### GIVEN DATA
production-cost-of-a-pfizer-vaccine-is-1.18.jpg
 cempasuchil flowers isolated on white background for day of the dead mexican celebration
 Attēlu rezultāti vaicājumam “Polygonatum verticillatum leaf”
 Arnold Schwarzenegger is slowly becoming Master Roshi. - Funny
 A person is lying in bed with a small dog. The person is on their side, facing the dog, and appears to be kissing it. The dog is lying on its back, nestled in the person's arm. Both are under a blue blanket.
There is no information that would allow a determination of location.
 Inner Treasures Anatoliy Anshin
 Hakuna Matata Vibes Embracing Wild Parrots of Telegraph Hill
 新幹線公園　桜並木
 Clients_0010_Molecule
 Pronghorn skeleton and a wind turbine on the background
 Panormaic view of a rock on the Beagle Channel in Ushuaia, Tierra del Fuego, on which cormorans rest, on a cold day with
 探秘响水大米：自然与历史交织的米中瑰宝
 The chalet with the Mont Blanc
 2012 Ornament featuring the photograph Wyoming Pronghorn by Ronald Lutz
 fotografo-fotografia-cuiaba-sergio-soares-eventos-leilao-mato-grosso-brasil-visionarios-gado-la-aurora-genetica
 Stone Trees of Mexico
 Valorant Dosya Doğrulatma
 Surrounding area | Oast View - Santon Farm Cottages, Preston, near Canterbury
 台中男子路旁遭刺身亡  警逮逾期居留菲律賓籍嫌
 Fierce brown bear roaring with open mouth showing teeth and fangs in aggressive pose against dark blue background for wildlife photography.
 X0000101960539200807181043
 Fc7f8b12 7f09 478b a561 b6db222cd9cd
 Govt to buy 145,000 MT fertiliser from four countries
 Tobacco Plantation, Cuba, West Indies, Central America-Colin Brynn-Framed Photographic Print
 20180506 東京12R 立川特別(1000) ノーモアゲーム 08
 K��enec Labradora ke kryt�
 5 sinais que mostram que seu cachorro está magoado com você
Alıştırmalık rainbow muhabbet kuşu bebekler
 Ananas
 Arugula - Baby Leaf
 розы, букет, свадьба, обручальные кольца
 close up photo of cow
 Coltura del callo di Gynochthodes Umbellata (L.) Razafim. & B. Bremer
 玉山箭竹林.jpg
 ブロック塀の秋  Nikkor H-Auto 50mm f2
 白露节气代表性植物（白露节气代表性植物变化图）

### EXERCISE
Return every line from the entries above that contains the word "background".

### ANSWER TO THIS TASK
 cempasuchil flowers isolated on white background for day of the dead mexican celebration
 Pronghorn skeleton and a wind turbine on the background
 Fierce brown bear roaring with open mouth showing teeth and fangs in aggressive pose against dark blue background for wildlife photography.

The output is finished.